A chat app performs different functions for different people. It is important to understand what we need to deliver
Clarifying Questions
- What kind of chat app shall we design? 1 on 1 or group based?
- Is it a mobile app? Or web app? Or both?
- What is the scale of this app?
- For a group chat, what is the group member limit?
- What features are important for the chat app?
- Is there a message size limit?
- Is end-to-end or encryption required?
- How long shall we store the chat history?
Answers:
- both: 1 on 1 and group chat
- both: web and mobile app
- It should support 50 million daily active users (DAU)
- A maximum of 100 people
- 1 on 1 chat, group chat, online indicator. It only supports text indicators.
- Yes, the text length should be less than 100,000 characters long
- No required for now
- Forever
We need a system with the following features:
- A one-on-one chat with low delivery latency
- Small group chat (100 people)
- Online presence
- Multiple device support
- Push notifications
High Level Design

Web Socket is the most common solution for sending asynchronous updates from server to client. The reason is constantly chosen is because its bidirectional communication.
Our system is broken down into three major categories:
1. Stateless service

Stateless services are traditional public-facing request/response services, used to manage the login, signup, user profile, etc. These are common features among many websites and apps.
2. Stateful service

The only stateful service is the chat service. The service is stateful because each client maintains a persistent network connection to a chat server.
3. Third party integration

For a chat app, push notification is the most important third-party integration.
Full Design

- Chat servers facilitate message sending/receiving.
- Presence servers manage online/offline status.
- API servers handle everything including user login, signup, change profile, etc.
- Notification servers send push notifications.
- Finally, the key-value store is used to store chat history. When an offline user comes online, she will see all her previous chat history.
Storage
Two types of data exist in a typical chat system.
- Generic data: user profile, setting, user friends list. These data are stored in robust and reliable relational databases.
- Chat history data: These data are stored in key-value stores:
- Key-value stores allow easy horizontal scaling.
- Key-value stores provide very low latency to access data.
- Relational databases do not handle long tail of data well. When the indexes grow large, random access is expensive.
Data Model

Key: message:m1Value:{ "sender_id": "u1", "receiver_id": "u2", "content": "Hi", "timestamp": 1710000000}
Design deep dive
Service discovery
The primary role of service discovery is to recommend the best chat server for a client based on the criteria like geographical location, server capacity, etc.
Apache Zookeeper is a popular open-source solution for service discovery. It registers all the available chat servers and picks the best chat server for a client based on predefined criteria.
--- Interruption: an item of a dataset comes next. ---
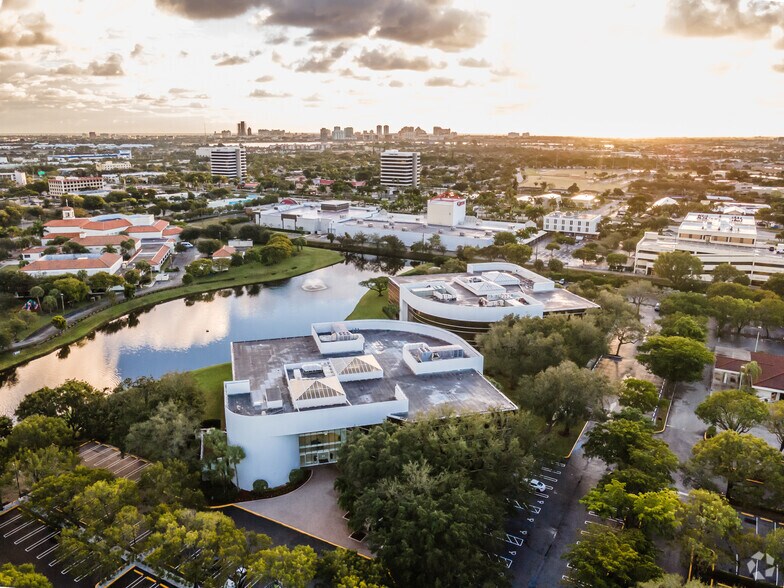 More Photos Of 580 Village Blvd, West Palm Beach Medical For Lease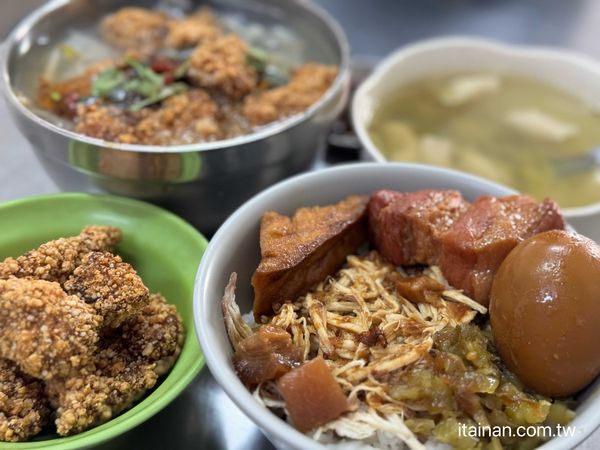 ▲▼台南在地人從小吃到大的「阿秋浮水土魠魚羹」。（圖／部落客台南好food遊提供）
- User A tries to log in to the app.
- The load balancer sends the login request to API servers.
- After the backend authenticates the user, service discovery finds the best chat server for User A. In this example, server 2 is chosen and the server info is returned back to User A.
- User A connects to chat server 2 through WebSocket.
Message flows
1 to 1

- User A sends a chat message to Chat server 1.
- Chat server 1 obtains a message ID from the ID generator.
- Chat server 1 sends the message to the message sync queue.
- The message is stored in a key-value store.
- If User B is online, the message is forwarded to Chat server 2 where User B is connected.
- If User B is offline, a push notification is sent from push notification (PN) servers.
- Chat server 2 forwards the message to User B. There is a persistent WebSocket connection between User B and Chat server 2.
Small group chat flow
Sender Side

Assume there are 3 members in the group (User A, User B and user C).
First, the message from User A is copied to each group member’s message sync queue: one for User B and the second for User C. You can think of the message sync queue as an inbox for a recipient. This design choice is good for small group chat because:
- it simplifies message sync flow as each client only needs to check its own inbox to get new messages.
- when the group number is small, storing a copy in each recipient’s inbox is not too expensive.
recipient Side

On the recipient side, a recipient can receive messages from multiple users. Each recipient has an inbox (message sync queue) which contains messages from different senders.
Online presence
User login
After a WebSocket connection is built between the client and the real-time service, user A’s online status and last_active_at timestamp are saved in the KV store. Presence indicator shows the user is online after she logs in.

User logout
The online status is changed to offline in the KV store. The presence indicator shows a user is offline.

User disconnection
Heartbeat mechanism – Periodically, an online client sends a heartbeat event to presence servers. If presence servers receive a heartbeat event within a certain time, say x seconds from the client, a user is considered as online. Otherwise, it is offline.
Online status fanout
How do user A’s friends know about the status changes?
Presence servers use a publish-subscribe model, in which each friend pair maintains a channel. When User A’s online status changes, it publishes the event to three channels, channel A-B, A-C, and A-D. Those three channels are subscribed by User B, C, and D, respectively. Thus, it is easy for friends to get online status updates. The communication between clients and servers is through real-time WebSocket.